7. DeepSeek-VL / Janus: Vision-Language Models
Janus introduces an innovative approach of unifying multimodal understanding and visual generation in a single model through decoupled vision encoding paths processed by a single Unified Transformer.
8. MLA vs MHA vs GQA vs MQA Comparison
| Method | KV Cache (Relative Size) | Performance Impact |
|---|---|---|
| MHA | 100% (baseline) | Maximum (baseline) |
| MQA | ~1.6% | Performance degradation |
| GQA (8 groups) | ~12.5% | Slight degradation |
| MLA | ~6.7% | No degradation / slight improvement |
MLA uses a smaller KV Cache than GQA while maintaining performance equal to or better than MHA. This is why MLA is considered revolutionary.
9. Industrial Impact
9.1 NVIDIA Stock Shock
On January 27, 2025, NVIDIA's stock dropped 17%, evaporating approximately $589B in market cap in a single day -- the largest single-day market cap loss for any stock in US stock market history.
9.2 Impact on US AI Policy
DeepSeek's success questioned the US technology sanctions strategy against China, demonstrating that H800 GPUs (with restricted performance compared to A100/H100) were sufficient to build world-class models.

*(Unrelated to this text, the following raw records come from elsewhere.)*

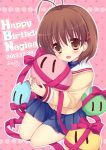  1girl brown_eyes brown_hair clannad dango_daikazoku furukawa_nagisa happy_birthday mana_(10221125) school_uniform short_hair 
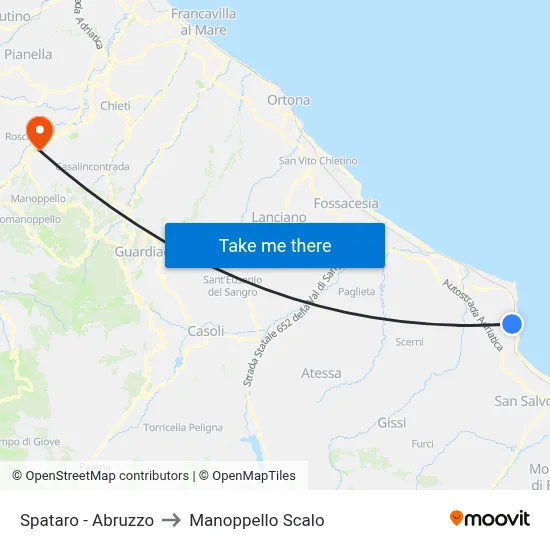 Spataro - Abruzzo to Manoppello Station map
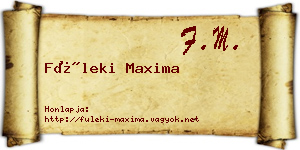Füleki Maxima névjegykártya
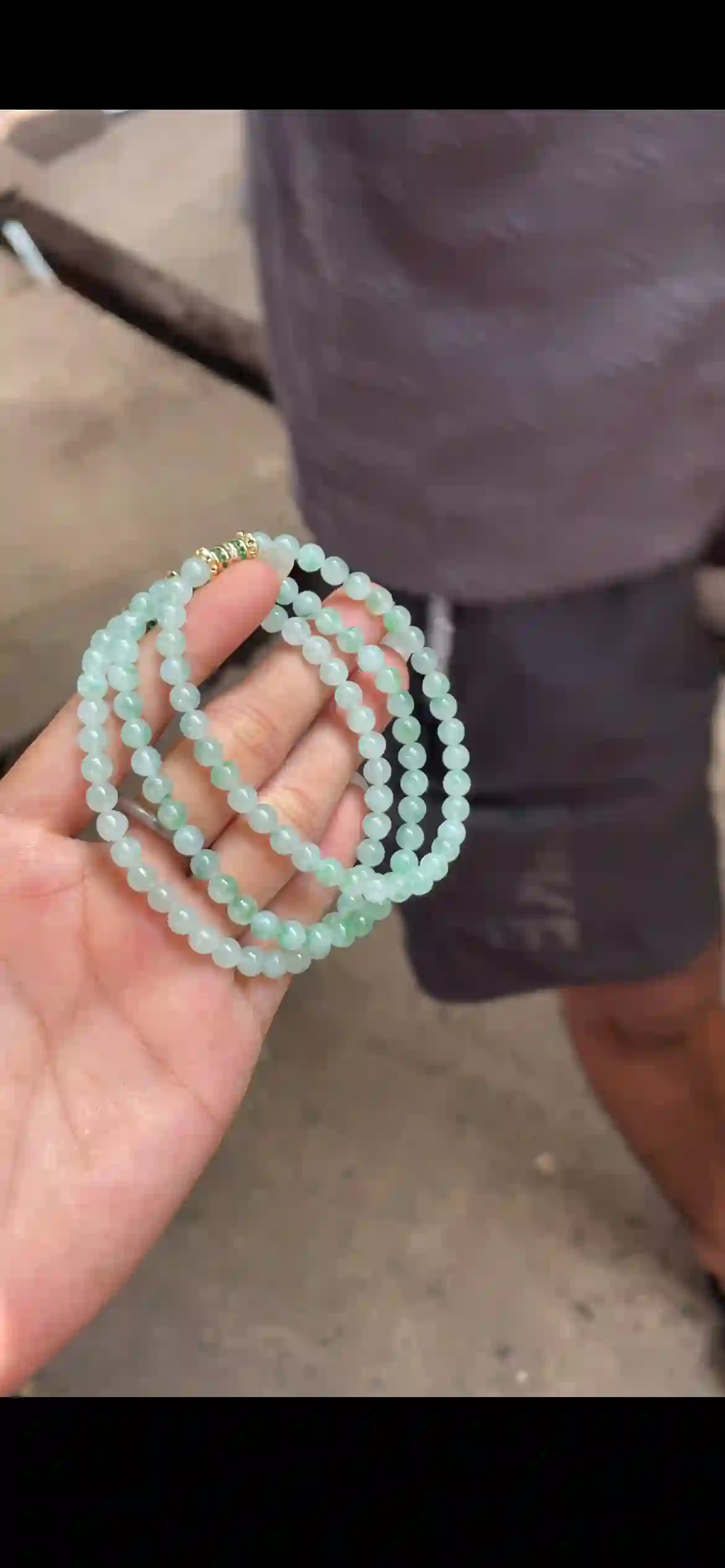Icy Mint Green Jade Bead Double-Strand Bracelet with Gold & Emerald Accent Spacers | Myanmar Jadeite reference #21540001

10. Limitations and Future Outlook
Current Limitations: Safety/alignment concerns due to Chinese AI regulations, multilingual performance variance, inefficient lengthy reasoning chains, lack of real-time knowledge, and hallucination.
Future Outlook: MLA architecture adoption spreading, GRPO becoming the de facto standard for LLM RL, cost-efficient training becoming a new competitive axis, and multimodal integration through Janus/Janus-Pro evolving toward universal models.
References
- DeepSeek-AI. "DeepSeek LLM: Scaling Open-Source Language Models with Longtermism." arXiv:2401.02954, 2024.
- DeepSeek-AI. "DeepSeek-V2: A Strong, Economical, and Efficient Mixture-of-Experts Language Model." arXiv:2405.04434, 2024.
- DeepSeek-AI. "DeepSeek-V3 Technical Report." arXiv:2412.19437, 2024.
- DeepSeek-AI. "DeepSeek-R1: Incentivizing Reasoning Capability in LLMs via Reinforcement Learning." arXiv:2501.12948, 2025.
- DeepSeek-AI. "DeepSeek-Coder-V2: Breaking the Barrier of Closed-Source Models in Code Intelligence." arXiv:2406.11931, 2024.